Nonetheless, “the evidence remains to be developed and established,” Dr. Lang said. In the known prion diseases, the rate of progression after symptom onset is much more rapid than PD. “We have to postulate a very slow spread indeed,” he added, in contrast to the rapid release and uptake seen in the experiments by Dr. Desplats.
Current animal models of PD may not be adequate to fully establish the prion hypothesis, since they do not develop Lewy bodies. “We need more representative animal models,” he said.
“I think the idea is very powerful,” said William Langston, MD, director of the Parkinson's Institute in Sunnyvale, CA. Taken together, the evidence is pointing toward alpha-synuclein trafficking as critical to disease progression. “If I had to guess, the next epoch in neuroprotection is going to be about trafficking,” to try to halt the disease. There is a developing consensus that the reason attempts at neuroprotection haven't been more successful is that we are getting in so late'.

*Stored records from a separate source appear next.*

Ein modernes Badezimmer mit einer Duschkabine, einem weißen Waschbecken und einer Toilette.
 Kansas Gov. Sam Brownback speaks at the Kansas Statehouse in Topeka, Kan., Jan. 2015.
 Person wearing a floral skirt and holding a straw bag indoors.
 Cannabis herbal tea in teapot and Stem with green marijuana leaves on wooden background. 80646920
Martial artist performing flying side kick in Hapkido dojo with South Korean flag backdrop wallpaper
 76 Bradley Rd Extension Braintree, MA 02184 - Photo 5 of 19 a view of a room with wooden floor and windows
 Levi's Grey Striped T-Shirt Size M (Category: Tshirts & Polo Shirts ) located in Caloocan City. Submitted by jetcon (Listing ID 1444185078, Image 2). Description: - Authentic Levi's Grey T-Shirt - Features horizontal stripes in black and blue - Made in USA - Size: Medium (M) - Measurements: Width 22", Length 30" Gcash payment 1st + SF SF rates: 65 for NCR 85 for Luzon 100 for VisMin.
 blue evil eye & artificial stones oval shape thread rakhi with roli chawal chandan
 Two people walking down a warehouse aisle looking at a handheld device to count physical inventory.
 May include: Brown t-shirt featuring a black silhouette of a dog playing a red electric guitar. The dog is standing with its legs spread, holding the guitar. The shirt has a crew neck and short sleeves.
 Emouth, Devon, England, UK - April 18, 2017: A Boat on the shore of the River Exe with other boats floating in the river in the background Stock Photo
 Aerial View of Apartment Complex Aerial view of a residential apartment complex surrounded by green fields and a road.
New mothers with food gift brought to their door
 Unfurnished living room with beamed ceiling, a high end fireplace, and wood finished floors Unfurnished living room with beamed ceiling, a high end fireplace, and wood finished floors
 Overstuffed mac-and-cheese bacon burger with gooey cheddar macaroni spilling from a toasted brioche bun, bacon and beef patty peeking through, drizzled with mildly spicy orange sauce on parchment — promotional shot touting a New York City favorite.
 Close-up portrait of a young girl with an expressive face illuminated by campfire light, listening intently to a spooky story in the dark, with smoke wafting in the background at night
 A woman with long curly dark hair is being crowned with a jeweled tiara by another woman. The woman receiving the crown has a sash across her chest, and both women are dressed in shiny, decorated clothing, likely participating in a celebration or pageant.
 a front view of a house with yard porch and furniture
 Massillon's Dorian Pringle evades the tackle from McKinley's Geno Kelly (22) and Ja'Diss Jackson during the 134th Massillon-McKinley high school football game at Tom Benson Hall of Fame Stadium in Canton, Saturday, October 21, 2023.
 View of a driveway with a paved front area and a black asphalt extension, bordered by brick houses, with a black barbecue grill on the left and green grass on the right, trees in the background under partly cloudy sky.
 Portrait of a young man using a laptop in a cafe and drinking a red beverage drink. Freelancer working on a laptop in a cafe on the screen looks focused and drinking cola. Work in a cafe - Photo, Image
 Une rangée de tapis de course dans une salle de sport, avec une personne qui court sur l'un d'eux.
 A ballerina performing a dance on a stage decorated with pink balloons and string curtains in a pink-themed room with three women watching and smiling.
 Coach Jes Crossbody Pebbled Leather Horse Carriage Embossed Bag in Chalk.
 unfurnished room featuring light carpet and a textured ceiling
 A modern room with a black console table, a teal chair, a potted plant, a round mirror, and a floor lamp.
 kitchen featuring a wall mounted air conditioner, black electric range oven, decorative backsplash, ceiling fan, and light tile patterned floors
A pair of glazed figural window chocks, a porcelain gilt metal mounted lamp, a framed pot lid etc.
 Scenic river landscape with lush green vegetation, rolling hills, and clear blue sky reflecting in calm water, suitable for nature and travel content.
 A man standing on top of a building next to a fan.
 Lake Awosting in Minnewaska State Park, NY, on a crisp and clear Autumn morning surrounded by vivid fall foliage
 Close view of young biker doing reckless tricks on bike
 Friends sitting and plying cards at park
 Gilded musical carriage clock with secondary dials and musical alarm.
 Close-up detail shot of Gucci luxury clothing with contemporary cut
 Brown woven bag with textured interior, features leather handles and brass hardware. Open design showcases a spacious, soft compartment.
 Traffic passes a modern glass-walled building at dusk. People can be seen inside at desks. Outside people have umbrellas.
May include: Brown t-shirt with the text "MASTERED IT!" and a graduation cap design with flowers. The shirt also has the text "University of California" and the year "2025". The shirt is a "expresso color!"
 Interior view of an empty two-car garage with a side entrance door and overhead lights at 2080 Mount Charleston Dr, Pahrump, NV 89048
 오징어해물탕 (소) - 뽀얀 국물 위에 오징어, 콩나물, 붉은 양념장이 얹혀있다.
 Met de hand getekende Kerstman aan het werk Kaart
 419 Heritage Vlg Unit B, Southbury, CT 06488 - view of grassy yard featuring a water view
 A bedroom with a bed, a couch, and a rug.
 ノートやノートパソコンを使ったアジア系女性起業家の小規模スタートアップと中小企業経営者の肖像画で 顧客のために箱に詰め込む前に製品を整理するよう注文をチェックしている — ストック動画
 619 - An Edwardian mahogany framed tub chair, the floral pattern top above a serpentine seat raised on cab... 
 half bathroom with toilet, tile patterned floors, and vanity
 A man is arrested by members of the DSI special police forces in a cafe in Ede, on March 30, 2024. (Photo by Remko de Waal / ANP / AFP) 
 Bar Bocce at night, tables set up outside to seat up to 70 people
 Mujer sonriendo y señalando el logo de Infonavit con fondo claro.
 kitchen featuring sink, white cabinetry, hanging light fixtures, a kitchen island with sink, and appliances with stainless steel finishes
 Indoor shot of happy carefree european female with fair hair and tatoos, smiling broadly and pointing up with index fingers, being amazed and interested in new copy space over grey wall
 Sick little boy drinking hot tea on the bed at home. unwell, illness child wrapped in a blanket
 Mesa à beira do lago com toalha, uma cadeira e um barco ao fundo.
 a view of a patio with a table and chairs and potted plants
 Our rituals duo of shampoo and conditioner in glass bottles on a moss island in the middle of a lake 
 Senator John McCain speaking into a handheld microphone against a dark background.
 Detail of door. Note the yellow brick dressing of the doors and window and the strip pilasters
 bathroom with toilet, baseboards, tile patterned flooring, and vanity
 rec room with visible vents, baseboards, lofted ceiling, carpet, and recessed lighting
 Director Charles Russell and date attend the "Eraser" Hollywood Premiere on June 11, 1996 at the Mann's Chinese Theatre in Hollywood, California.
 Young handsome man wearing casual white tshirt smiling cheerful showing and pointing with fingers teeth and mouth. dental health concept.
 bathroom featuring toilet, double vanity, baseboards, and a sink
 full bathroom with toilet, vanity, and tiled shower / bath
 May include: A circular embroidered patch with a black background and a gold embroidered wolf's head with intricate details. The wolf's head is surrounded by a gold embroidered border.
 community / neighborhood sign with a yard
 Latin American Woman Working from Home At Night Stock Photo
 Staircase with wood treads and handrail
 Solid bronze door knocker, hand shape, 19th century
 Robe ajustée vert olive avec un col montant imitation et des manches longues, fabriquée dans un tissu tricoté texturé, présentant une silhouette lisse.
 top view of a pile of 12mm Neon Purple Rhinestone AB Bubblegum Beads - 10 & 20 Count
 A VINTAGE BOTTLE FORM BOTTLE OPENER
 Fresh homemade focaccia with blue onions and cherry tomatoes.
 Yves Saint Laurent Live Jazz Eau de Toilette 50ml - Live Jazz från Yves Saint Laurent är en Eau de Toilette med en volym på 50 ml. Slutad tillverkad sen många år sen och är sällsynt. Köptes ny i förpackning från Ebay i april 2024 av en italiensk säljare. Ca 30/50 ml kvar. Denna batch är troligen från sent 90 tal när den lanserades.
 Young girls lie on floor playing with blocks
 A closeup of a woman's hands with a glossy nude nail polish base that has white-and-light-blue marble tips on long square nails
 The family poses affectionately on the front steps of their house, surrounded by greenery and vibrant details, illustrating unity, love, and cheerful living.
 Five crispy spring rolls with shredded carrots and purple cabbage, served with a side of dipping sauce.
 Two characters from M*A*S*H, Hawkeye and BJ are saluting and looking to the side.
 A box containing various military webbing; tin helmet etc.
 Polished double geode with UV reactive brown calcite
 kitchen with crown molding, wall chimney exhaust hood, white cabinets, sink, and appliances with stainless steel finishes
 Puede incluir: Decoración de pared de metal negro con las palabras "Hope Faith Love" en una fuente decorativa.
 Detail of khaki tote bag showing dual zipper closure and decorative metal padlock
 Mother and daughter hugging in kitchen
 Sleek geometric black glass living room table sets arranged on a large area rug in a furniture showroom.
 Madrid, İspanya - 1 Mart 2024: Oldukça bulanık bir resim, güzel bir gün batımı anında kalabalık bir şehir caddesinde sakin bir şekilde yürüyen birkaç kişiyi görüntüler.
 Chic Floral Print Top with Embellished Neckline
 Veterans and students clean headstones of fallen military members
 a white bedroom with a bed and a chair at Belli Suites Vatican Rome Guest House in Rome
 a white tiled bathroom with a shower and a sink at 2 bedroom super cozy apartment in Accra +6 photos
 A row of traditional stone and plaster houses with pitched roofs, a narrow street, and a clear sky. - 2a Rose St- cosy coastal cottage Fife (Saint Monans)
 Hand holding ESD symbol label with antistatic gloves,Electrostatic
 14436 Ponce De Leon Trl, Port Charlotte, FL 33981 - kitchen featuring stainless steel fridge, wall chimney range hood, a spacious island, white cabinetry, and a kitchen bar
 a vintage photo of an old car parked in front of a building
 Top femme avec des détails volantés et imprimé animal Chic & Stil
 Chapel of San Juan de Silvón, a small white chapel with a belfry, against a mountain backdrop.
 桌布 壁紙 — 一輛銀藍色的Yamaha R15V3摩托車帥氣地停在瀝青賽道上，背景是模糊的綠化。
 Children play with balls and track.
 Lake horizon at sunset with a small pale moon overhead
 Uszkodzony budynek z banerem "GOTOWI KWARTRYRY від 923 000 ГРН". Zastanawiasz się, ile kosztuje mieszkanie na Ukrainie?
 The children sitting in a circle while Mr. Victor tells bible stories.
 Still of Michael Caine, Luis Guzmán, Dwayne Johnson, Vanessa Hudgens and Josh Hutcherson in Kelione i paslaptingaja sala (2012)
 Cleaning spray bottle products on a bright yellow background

The emerging model suggests the time to intervene would be years before diagnosis, while the disease is still confined to lower brain structures. If the prion model is confirmed, it would lend urgency to development of wide-scale screening tools, such as smell testing, to identify those at risk.
“It's such a tantalizing time in Parkinson disease research,” Dr. Langston said. “You can see it kind of coming together.”